Quem não sonha pode morrer.
Em 1959, Dement e Kleitman realizaram experiências nas quais impediram pessoas de sonhar, despertando-as quando seus sonhos começavam a se manifestar pelos movimentos dos olhos. O resultado foi que elas passaram a apresentar características psíquicas preocupantes, como irritabilidade e ansiedade, e uma necessidade crescente de entrar na fase REM nas noites seguintes.
E, como eles não sonhavam, começaram a desenvolver características psicóticas tão alarmantes que as pesquisas tiveram que ser interrompidas. Entretanto, pensava-se ter descoberto a fonte dos sonhos ou sua "estação de abastecimento" na parte mais primitiva do cérebro, ao nível da formação reticular. Isso parece confirmar a existência de uma base ancestral, hereditária e coletiva para os sonhos.
Na França, o Dr.
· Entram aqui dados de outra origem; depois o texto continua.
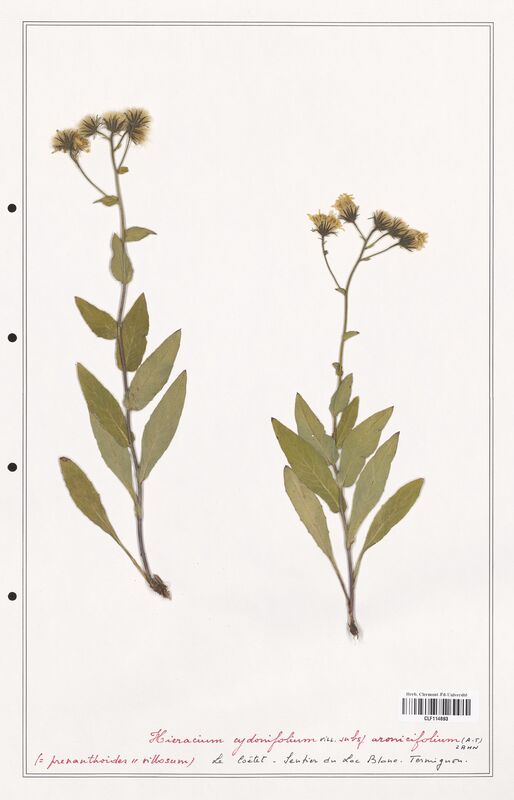 Hieracium cydonifolium  (Asteraceae)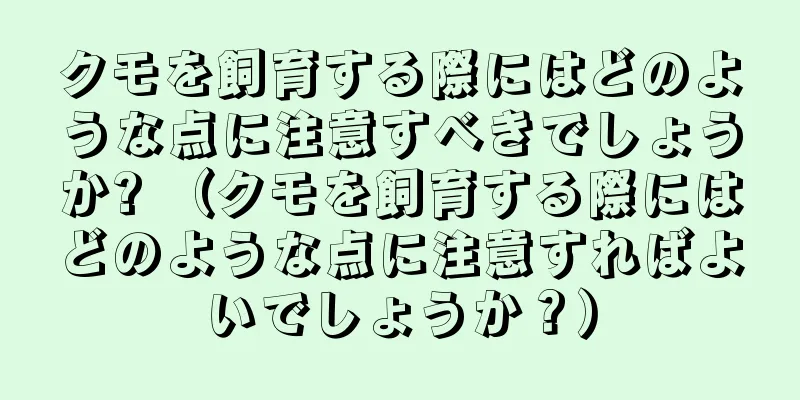 クモを飼育する際にはどのような点に注意すべきでしょうか? （クモを飼育する際にはどのような点に注意すればよいでしょうか？）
Jouvet e seus colegas em Lyon chegaram à mesma conclusão dos fisiologistas norte-americanos quanto ao impedimento dos sonhos e verificaram que causavam a morte de gatos e ratos em perfeito estado de saúde.
Concluíram que os sonhos são uma função essencial na vida e que seria menos perigoso passar fome e sede do que ser privado de sonhos.
Através de suas experiências em laboratório, estabeleceram o que Jung e outros tinham acreditado, ou seja, que os sonhos expressam uma função autorreguladora e compensatória do organismo.
Entretanto, até agora a fisiologia não explicou o significado dos sonhos em geral ou de suas imagens em particular, e sonhar continua sendo uma viagem em um símbolo do mundo desconhecido.